Task description
Keep the pictures out. Copy every line of the listing exactly.

Dataset excerpt
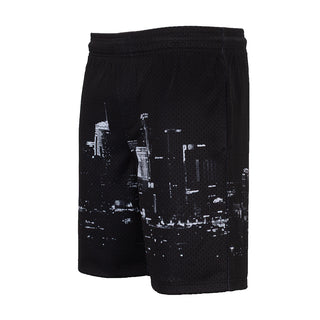 Printed Mesh Short Skyline - Mens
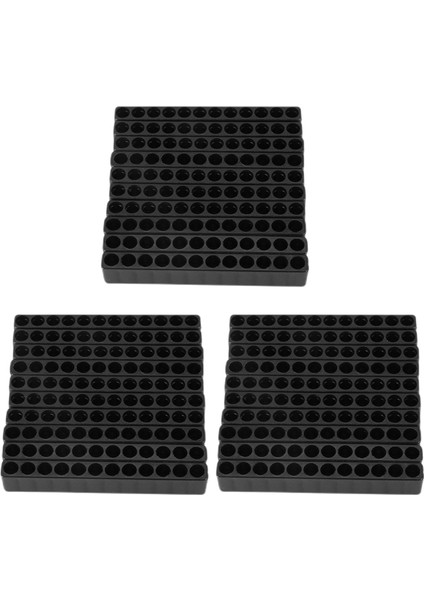 30 Adet 12 Delikli Tornavida Bit Tutucu Kutusu Blok Siyah Altı Açılı 6.35MM Kolu (Yurt Dışından) fiyatları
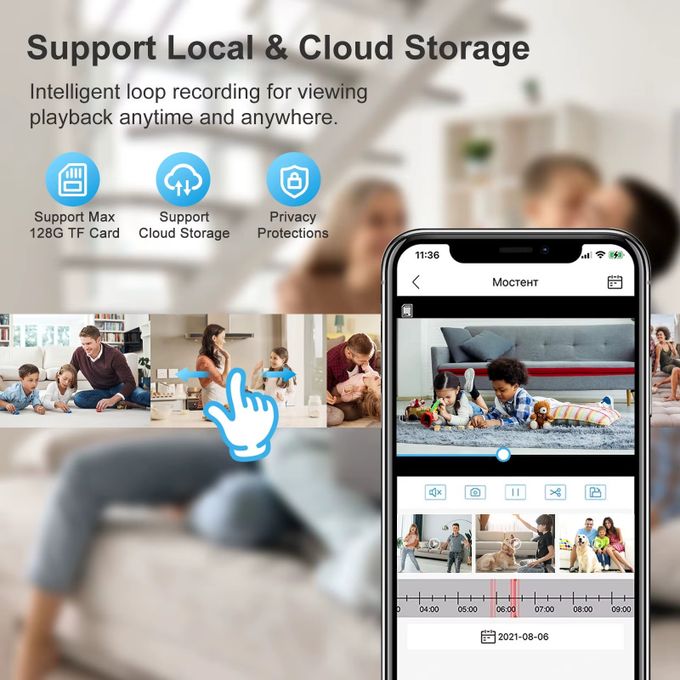 Caméra de Surveillance Extérieure Wifi 5G Bulbe, IP Wifi 3MP,Vision Nocturne, Suivi Humain Existent thumbnail 3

Output for this task
 Printed Mesh Short Skyline - Mens
 30 Adet 12 Delikli Tornavida Bit Tutucu Kutusu Blok Siyah Altı Açılı 6.35MM Kolu (Yurt Dışından) fiyatları
 Caméra de Surveillance Extérieure Wifi 5G Bulbe, IP Wifi 3MP,Vision Nocturne, Suivi Humain Existent thumbnail 3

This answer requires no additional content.